Your copy should contain exactly the lines from the one that holds "Agression Rwandaise dans" through the end of the material, reproduced as written, with no pictures.

Material shown:
⁂

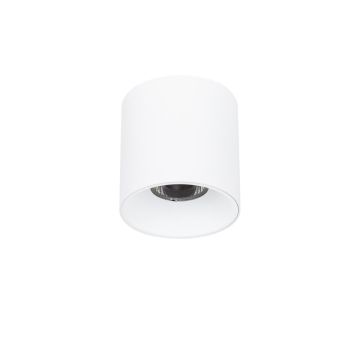 Italux ALTISMA CLN-6677-95-WH-3K Opbouwspot 1x15W/LED 3000k 1650LM IP20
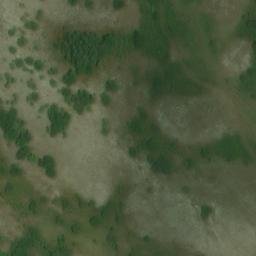 Mappa satellitare VIA SOLE, Sassano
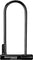 Kryptonite Original Keeper LS U-Lock - Black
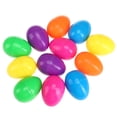 thumbnail image 4 of Huevos de Pascua prerellenos BILLMOSS con minijuguetes de peluche, 12 paquetes, 4 of 7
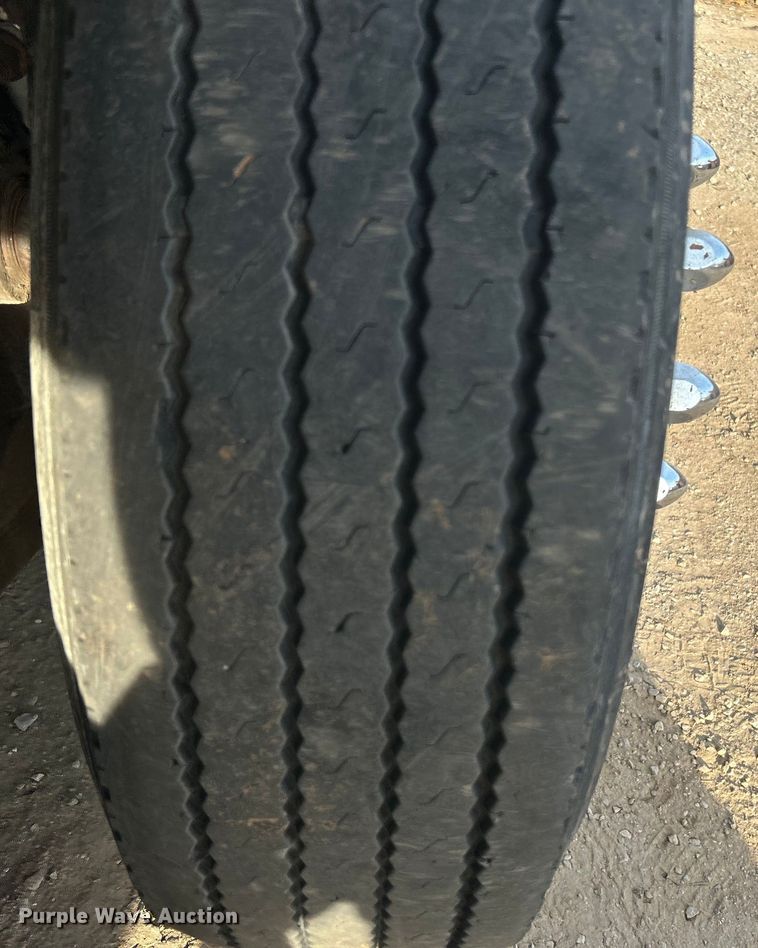 image for item DN0716 2014 Freightliner Business Class M2 dump truck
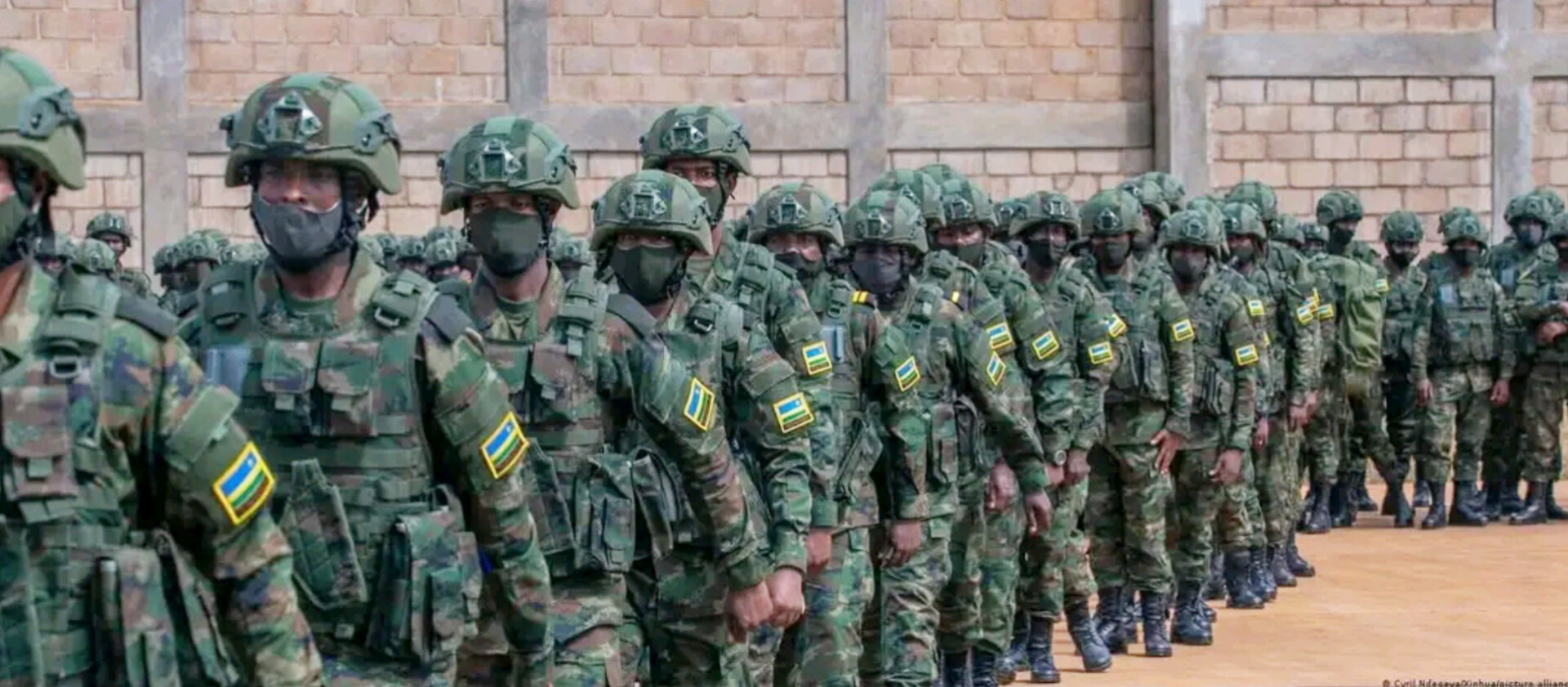 Agression Rwandaise dans l'Est : la RDC signe un pacte militaire stratégique avec la Tanzanie pour le déploiement de 12 000 soldats au front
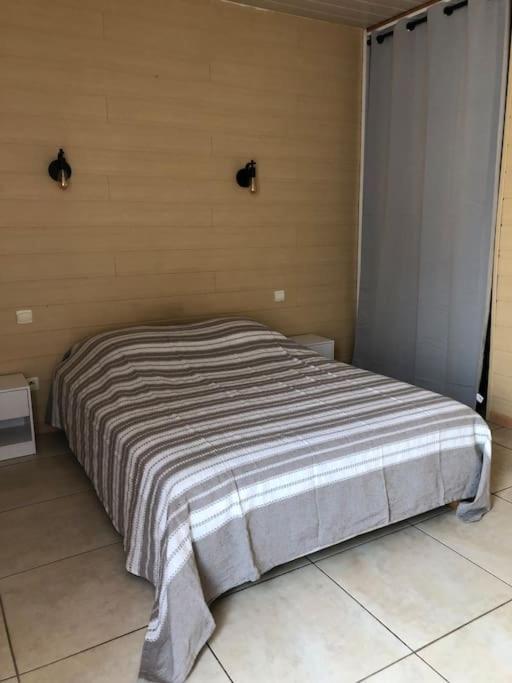 Charmant T3 Calme Et Accueillant Pollestres Kültér fotó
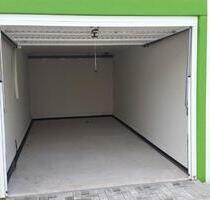 Sanierte Einzelgarage verfügbar! - Berlin Lichtenberg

⁂

Answer to this problem:
 Agression Rwandaise dans l'Est : la RDC signe un pacte militaire stratégique avec la Tanzanie pour le déploiement de 12 000 soldats au front
 Charmant T3 Calme Et Accueillant Pollestres Kültér fotó
 Sanierte Einzelgarage verfügbar! - Berlin Lichtenberg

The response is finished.